Con “C’est eux les chiens” il regista marocchino Hicham Lastri ,con ottimo mestiere, racconta la storia personale, che s’intreccia con la “grande “ storia, di un uomo, un certo Majhoul, il quale nel lontano (ma non troppo) 1981 è imprigionato per essere tra i partecipanti, durante gli anni di piombo del Marocco, allo sciopero generale causato da un aumento improvviso del prezzo del pane e di tutti quelli che sono i generi di prima necessità.
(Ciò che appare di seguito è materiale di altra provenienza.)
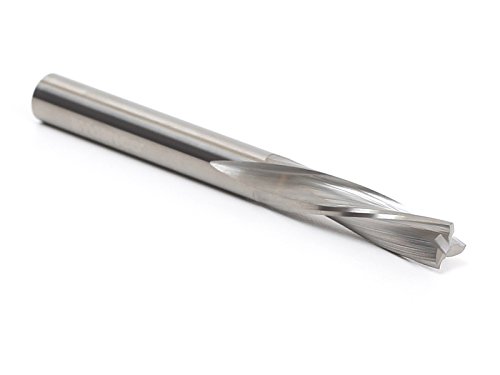 YONICO Downcut Router Bits Spiral 3 Flute Solid Carbide CNC Low Helix End Mill 1/4-Inch Dia. 1/4-Inch Shank 36314-SC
La risposta alla sollevazione popolare da parte di re Hassan II, all’epoca fu soltanto una terribile e spietata repressione, che molti ancora ricordano, con centinaia di morti, cinquemila arresti sommari, tra cui quello di Majhoul, e moltissime detenzioni senza processo.
Quando Majhoul, scontata la sua pena di trent’anni, nel 2011 è finalmente libero, il disorientamento della sua persona, in piena primavera araba, è inevitabile e totale.
Intanto le dure condizioni carcerarie gli hanno cancellato ogni memoria del “suo” passato, che con grande fatica egli cerca però, sforzandosi, di ricostruire a brandelli. E che per altro, quando poi lentamente emerge, è decisamente poco gratificante.
Nel mentre l’uomo brancola a fatica nei percorsi della nuova esistenza, che gli tocca comunque affrontare, accade che s’imbatta casualmente in una troupe televisiva, della televisione di Stato, che gli chiede di raccontare al pubblico degli spettatori, tramite una inchiesta- reportage, la propria vicenda.
Passato e presente. Tutto incluso.
Questo significa per Majhoul (ed è un’ottima opportunità ) impegnarsi,aiutato dai membri della troupe televisiva (un giornalista, un operatore e uno stagista), a ritrovare certamente il “passato” nebuloso ma, al contempo, in particolare la propria odierna identità.
Ritrovare insomma, ad esempio, quel poco o molto che è rimasto della sua famiglia.
Il film di Hicham Lastri, che è stato apprezzato e dalla critica e dal pubblico nello scorso festival di Cannes (15-26 maggio), propone nel complesso una scelta estetica parecchio interessante e di buon gusto, a partire dall’utilizzo di materiale documentario filmico d’archivio, fin in apertura della narrazione, e in specie per l’interpretazione magistrale de noto attore di teatro Hassan Hadida, che indossa i “panni” di un Majhoul ai nostri giorni.